Professor Hu Ruyin: First of all, the salient feature of SRI is to integrate the financial, social and environmental theme into investment while the mainstream investment mainly focuses on financial performance. Second, the principle of SRI is sustainable development, whereas mainstream investment cares about maximum profit, regardless of social performance. Third, SRI focuses on long term value creation, such as environmental performance which might make sense after several years, while the mainstream investment only emphasizes short term results, such as profit or revenue, etc.
Emerging Markets ESG: Which extra-financial theme – environmental, social or governance – is the most challenging for companies in China to manage?
Professor Hu Ruyin: Compared to the other two, corporate governance is more familiar to us. People, including managers, investors and regulators believe that good governance is important to the sustainability of companies. Early in the 1990s, the China Securities Regulatory Commission (CSRC) introduced a series of corporate governance rules. Today, the quality of the governance of China listed companies is much better than years ago, although some companies are still struggling with some governance issues.

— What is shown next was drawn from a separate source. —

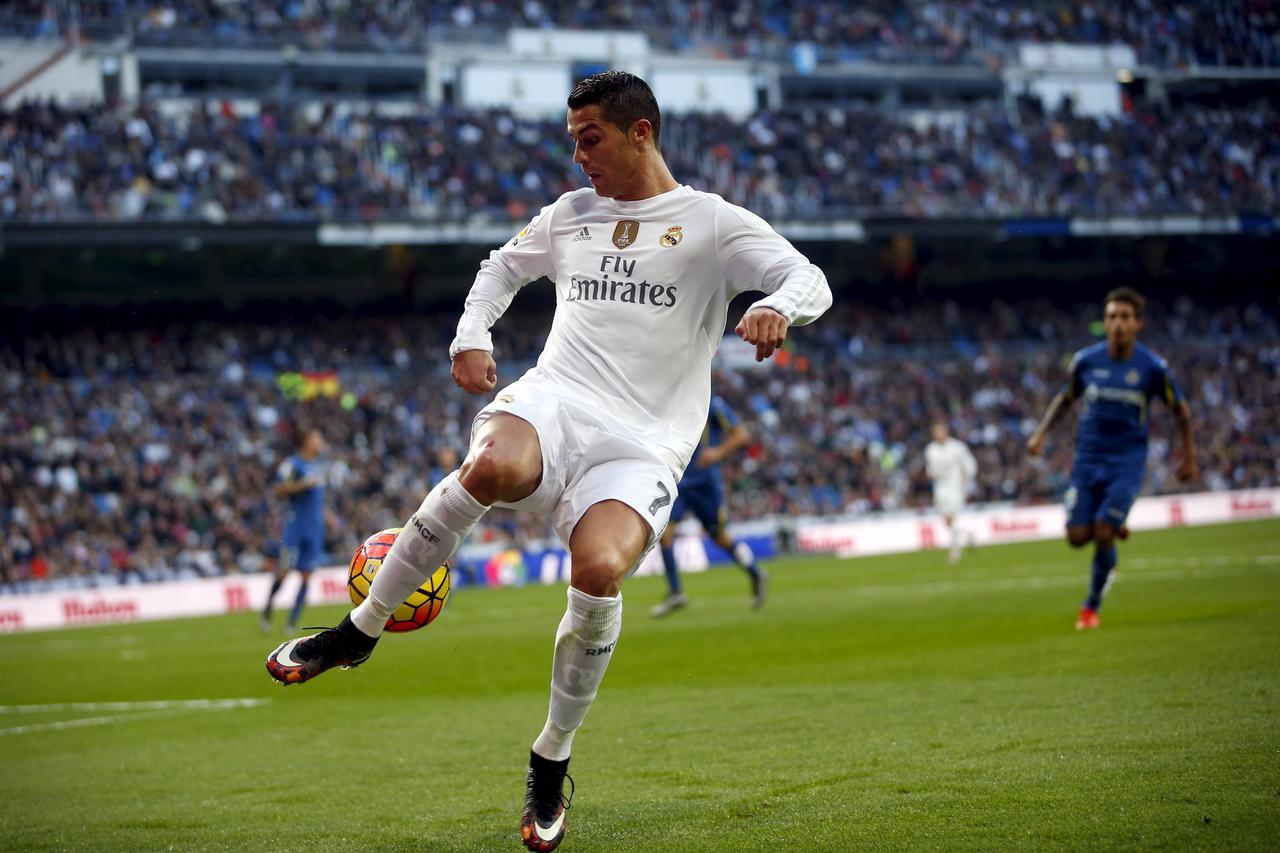 Cristiano Ronaldo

As far as environmental and social themes are concerned, China just started to tackle them. In particular, environmental theme is the most challenging one for companies to manage. As China is at the stage of heavy industrialization, a lot of listed companies are in the sector of heavy polluting industries such as mining sector. Companies hide problems such as environmental pollution.
Emerging Markets ESG: Which extra-financial theme – environmental, social or governance – is the most challenging for investors in Chinese companies to analyze?
Professor Hu Ruyin: Listed companies in China are required to disclose corporate governance reports in the annual report for a few years. In addition, there is a full array of rules released both by the CSRC and stock exchanges on governance. Therefore, it is easy for investors to analyze governance quality. Also, the ‘Corporate Governance Index’ enables them to evaluate the governance performance. However, it is difficult to analyze environmental performance because there is a lack of detailed environmental information disclosure guidelines. As a result, investors cannot have accurate and consistent information for valuation purpose. Most environmental information is narrative and is quite difficult to assess. In addition, there is no local ESG report assurance agency.
Emerging Markets ESG: What is the Shanghai Stock Exchange doing to improve both the quality and quantity of ESG disclosures made by Chinese companies? Which SRI products are available on the Shanghai Stock Exchange?
Professor Hu Ruyin: The Shanghai Stock Exchange (SSE) is spearheading efforts to improve Chinese listed companies’ ESG disclosure. In 2008, SSE released a social responsibility disclosure guideline, requiring three types of companies to disclose CSR reports and encouraging other companies to voluntarily disclose CSR reports. In 2008, 290 companies released CSR reports. In 2009, the number was 318 and in 2010 the number was 327. Meanwhile, in order to improve the disclosure quality, the SSE encourages companies to follow the GRI standard and have the reports audited by an independent institution.
For the SRI products, we have the SSE Corporate Governance Index which was released in 2008 and the SSE Social Responsibility Index released in 2009. The latter index contains companies that are doing well in governance and social responsibility. Both indexes are tracked by ETF launched by domestic fund companies.